On other matters I felt Max was holding back. Left particularly baffling was the nature of Wallace’s relationship with his mother. For a long time they weren’t getting along, but it’s never made clear what the cause of this was. In his acknowledgements Max mentions receiving “welcome support from Wallace’s family, especially his sister” but there is little evidence he got much out of either parent. Elsewhere, Wallace’s letters to Don DeLillo are quoted from quite extensively, but there’s almost nothing of what DeLillo wrote back. And finally I’m always suspicious of intellectuals who take a “professional” interest in the porn business. I came away thinking there was probably something more than that behind Wallace’s long fascination with the adult industry. This was, after all, a highly-sexed loner with addiction issues. Was it all just “research”? I have my doubts, but Max has no interest in going there.
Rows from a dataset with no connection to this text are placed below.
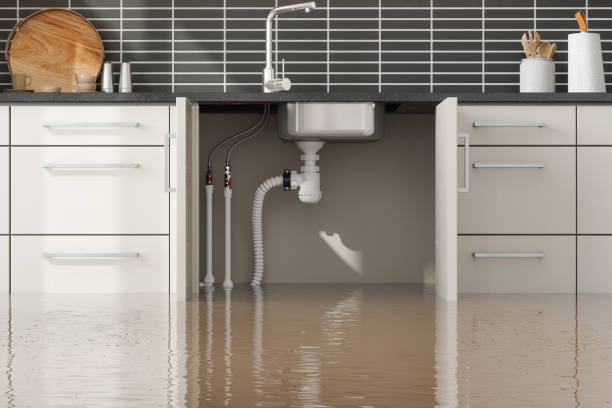  Trion, GA Water damage restoration Pros
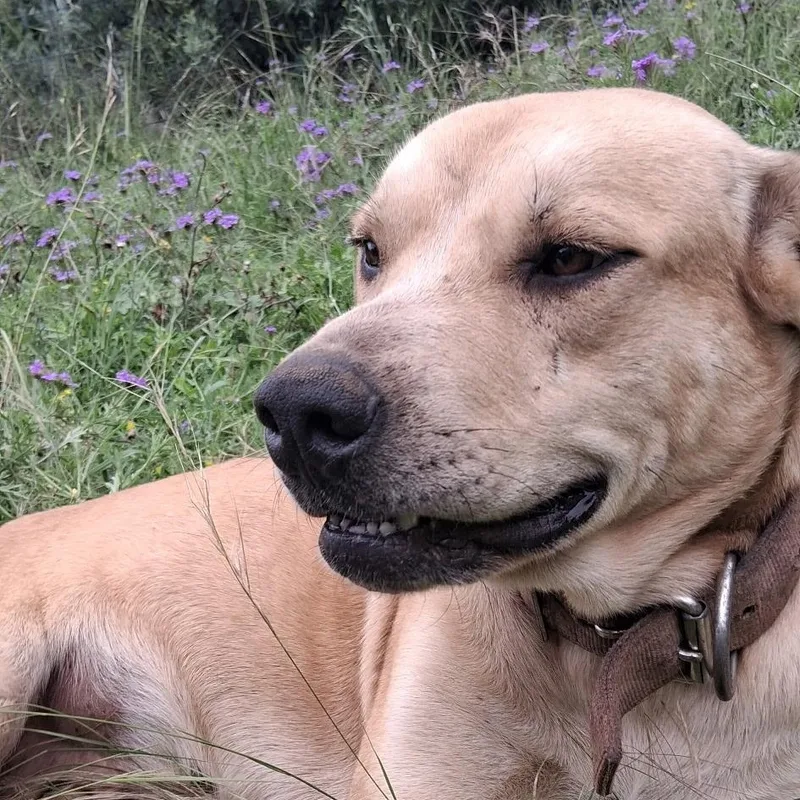 A young medium-sized female Yellow / Tan / Blond / Fawn Labrador Retriever dog named Chloe for adoption in Boerne, TX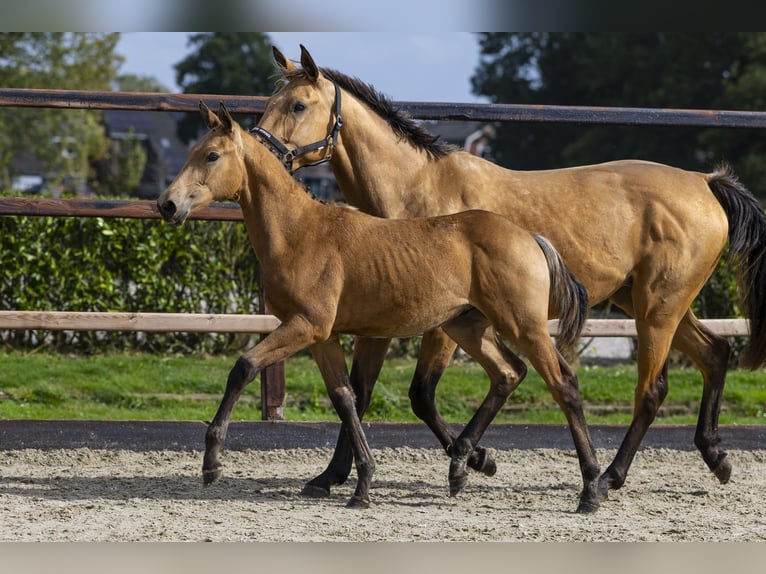KWPN Hengst Fohlen (04/2025) Falbe in Waddinxveen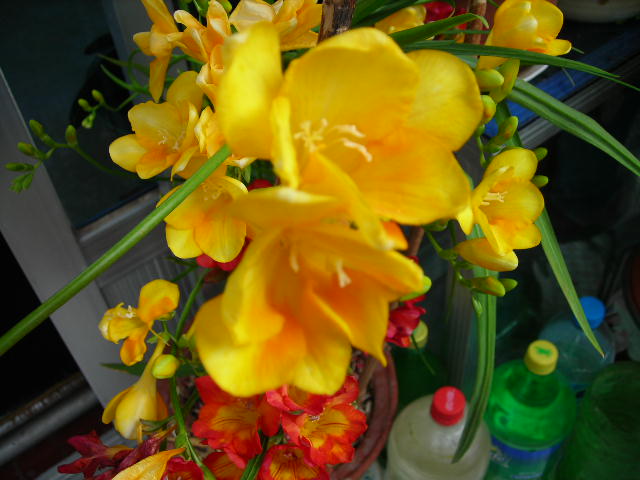 DSCN1352.JPG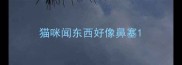 猫咪闻东西好像鼻塞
What makes this particular literary life so valuable, however, is the fact that it’s about someone who was our contemporary, making this a portrait of the writer in our own time. Which is not a happy time to be a writer.

Three points jump out:

(1) Wallace was one of the first of a mass cohort of writers who were trained in creative writing programs and then circulated back into the system as teachers. “Writing means teaching,” was the central fact of this new dispensation, and one that Wallace understood from the beginning. Furthermore, despite excellent sales (for a literary author), Wallace was also a writer supported by special funding. The sad irony being that he became rich and famous only at a point where it no longer meant anything to him, and money and fame were things he not only didn’t need but didn’t even want (he ended up giving a lot of his MacArthur grant money away). These matters are neither good nor bad in themselves, but the next time you hear someone complaining about CW programs and their pernicious influence on today’s young authors, it’s worth keeping in mind that Wallace was very much a product of those same programs, however out of place he might have felt in them.
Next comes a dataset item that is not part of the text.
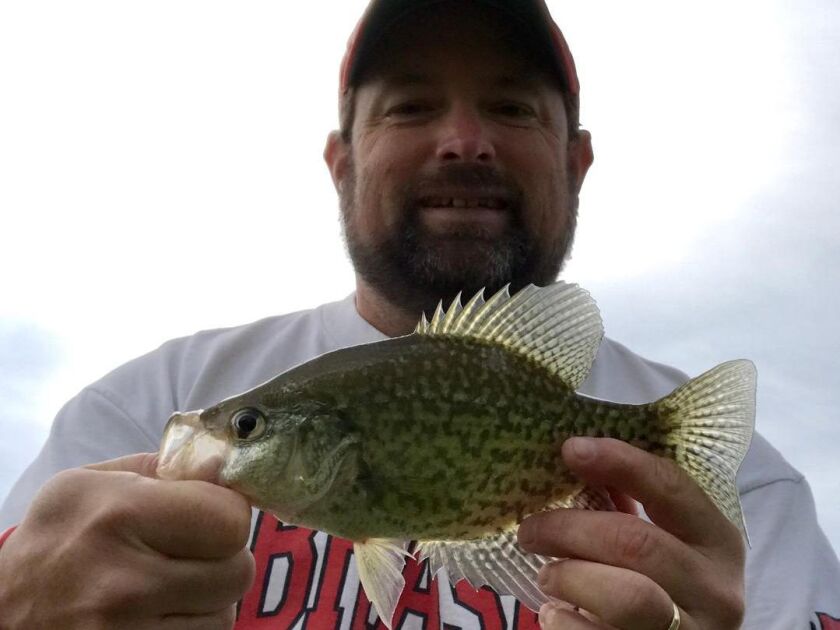 Crappie from Chicago suburbs.<br>Provided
(2) Though not a digital native, Wallace was there at the dawn of the digital revolution. Evidence of this is referenced in Max’s note on sources, where, after mentioning the extraordinary trove of letters Wallace left behind, he remarks that “David may have been the last great letter writer in American literature (with the advent of email his correspondence grows terser, less ambitious.)” The times were changing, and while Wallace’s work was infused with a concern over the new spirit of the age (media fragmentation, information theory, narcissism), that doesn’t mean he felt personally in synch with what was happening. The Internet scared him. “Digital = abstract = sterile, somehow,” he wrote to DeLillo. “Thank God,” his wife remembered him saying when he got a new piece of computer equipment, “I wasn’t raised in this era.” And God help, one wants to add, those who were and who still want to be writers.
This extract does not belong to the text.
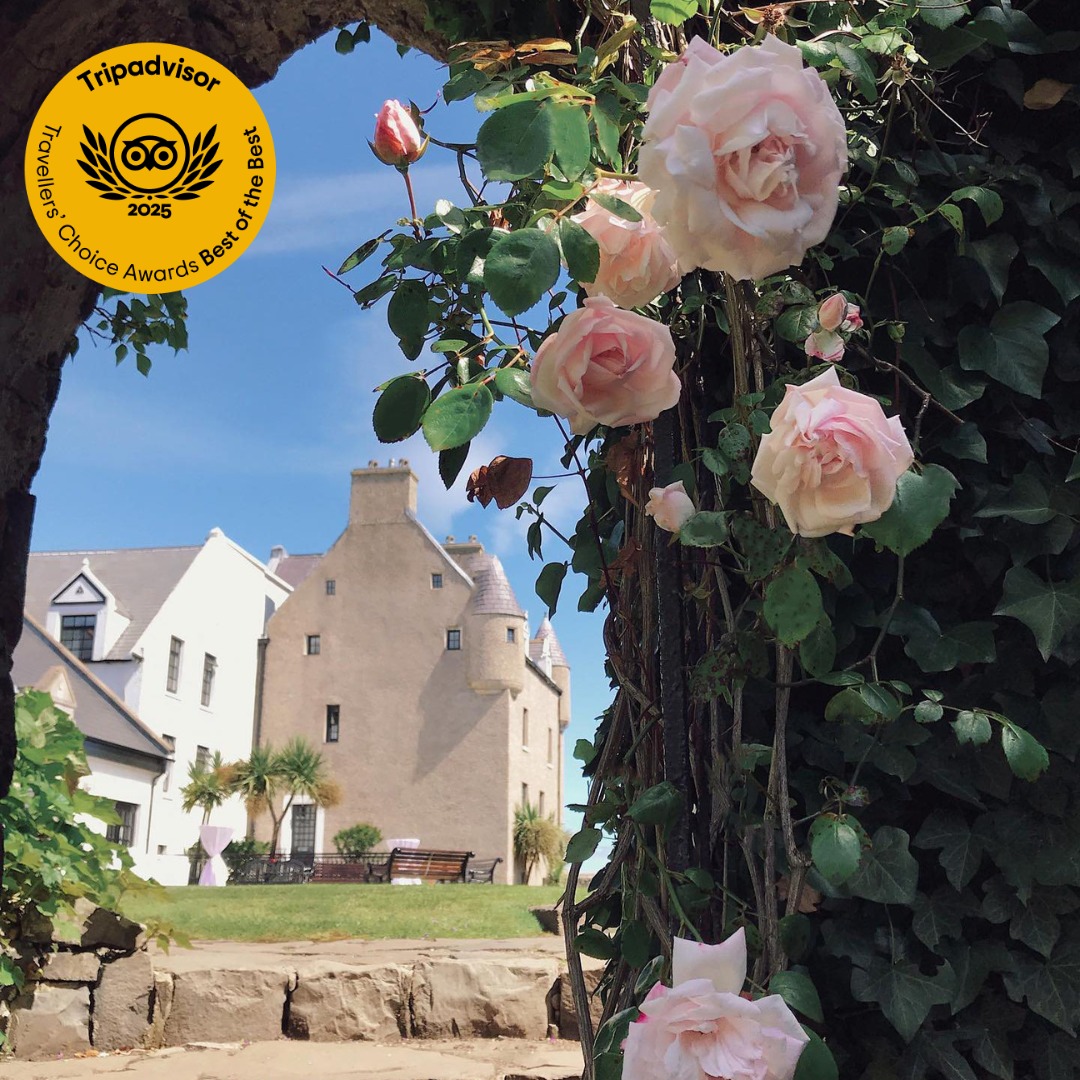 Ballygally Castle (@ballygallyhotel) on Twitter photo We're honoured to be in the top 1% of hotels worldwide in <a href="/Tripadvisor/">Tripadvisor</a>'s Travellers' Choice Awards — ranked 19th Best of the Best in the UK! Thank you to all our guests for your incredible support as we celebrate 400 years of hospitality. We're honoured to be in the top 1% of hotels worldwide in <a href="/Tripadvisor/">Tripadvisor</a>'s Travellers' Choice Awards — ranked 19th Best of the Best in the UK! Thank you to all our guests for your incredible support as we celebrate 400 years of hospitality.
(3) There are few second acts in American literature, and in our time many of the first acts have been remarkably brief. One of the hot new names contemporary with Wallace was, according to Max, Mark Leyner. I had never heard of him before reading this book. Meanwhile, is any member of the “brat pack” of Conspicuously Young Authors – Jay MacInerney, Bret Easton Ellis, Tama Janowitz – read today? (The fourth “official” member of the pack, Mark Lindquist, isn’t even mentioned here.) Elizabeth Wurtzel (who Wallace tried, unsuccessfully, to bed) seems to have vanished without a trace. Even among Wallace’s acolytes the process of dynamic obsolescence is working in overdrive. How many people can name a David Eggers novel after A Heartbreaking Work of Staggering Genius, and this despite the fact that he continues to receive excellent reviews? The painful fact is that by the time he was 40 Wallace knew in his bones that his fifteen minutes were over, and indeed said as much.

What, then, is a serious, literary writer today but a kind of ghost, haunting the information/media wasteland Stephen Henighan has dubbed the afterlife of culture? Every literary bio is a ghost story. Sadly, Wallace didn’t stand at the beginning of anything, but at the end of a lot.